Nükleik asitler tüm canlı organizmaların hücreleri içinde bulunan bütün yönetip bilgiyi depolayarak bu bilgiyi nesilden nesile taşıyan önemli en büyük organik moleküllerdir.
Hücrenin çekirdeğinde bulunduğu için çekirdek asidi anlamına gelen nükleik asit ismi verilmiştir.
Ancak daha sonra yapılan araştırmalarda nükleik asitlerin sadece çekirdekte değil hücrenin diğer bölümlerinde de varlığı tespit edilmiştir.
Nükleik asitlere yönetici moleküller de diyoruz.
Yapısal ve işlevsel özelliklerine göre de DNA ve RNA olmak üzere ikiye ayırıyoruz.
Nükleik asitlerin yapı birimlerine yani yapı taşlarına nükleotit denir.
Burada bir tane nükleotit görüyoruz.

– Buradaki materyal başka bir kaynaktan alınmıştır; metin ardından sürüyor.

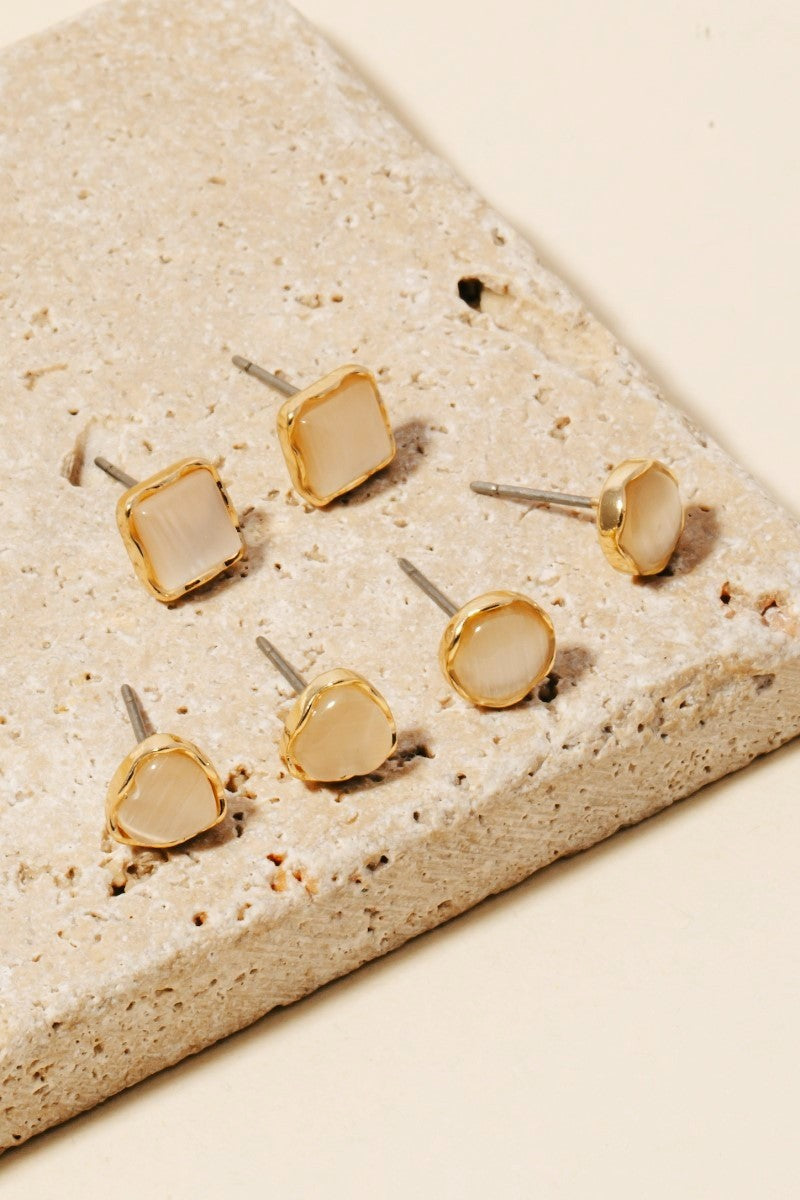 965 Set Of 3 Gem Stud Earrings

Bir nükleotit azotlu organik baz, beş karbonlu şeker, yani pentoz ve bir tane fosfat grubundan oluşur.
Baz ile şeker arasında glikozit bağı, şeker ile fosfat grubu arasında da fosfoester bağı bulunur.
Azotlu organik bazları kimyasal yapılarına göre çift halkalı pürinler ve tek halkalı pirimidinler olmak üzere ikiye ayırıyoruz.
Adenin ve guanin çift halkalıdır. Timin, urasil ve sitozin tek halkalıdır. Bunlardan adenin, guanin ve sitozin hem DNA hem de RNA'nın yapısına katılırken, timin sadece DNA'nın, urasil sadece RNA'nın yapısına katılır. Beş karbonlu şekerler iki çeşittir.
Bunlar riboz ve deoksiriboz şekerleridir.
Riboz şekeri RNA'nın deoksiriboz şekeri ise DNA'nın yapısına katılır. Fosfat grubu ise tüm nükleotitlerin yapısında vardır.
Buna fosforik asit de deriz.
Bu kısım nükleik asitlere asidik özellik kazandırır.
Bu arada sadece bazı ve şekerden oluşan bu ikili yapıya da nükleozit adı verilir. Bu nükleotitleri taşıdıkları azotlu organik baz ve şekere göre isimlendiriliyoruz.
Sol tarafa DNA'ya ait nükleotitleri çizelim.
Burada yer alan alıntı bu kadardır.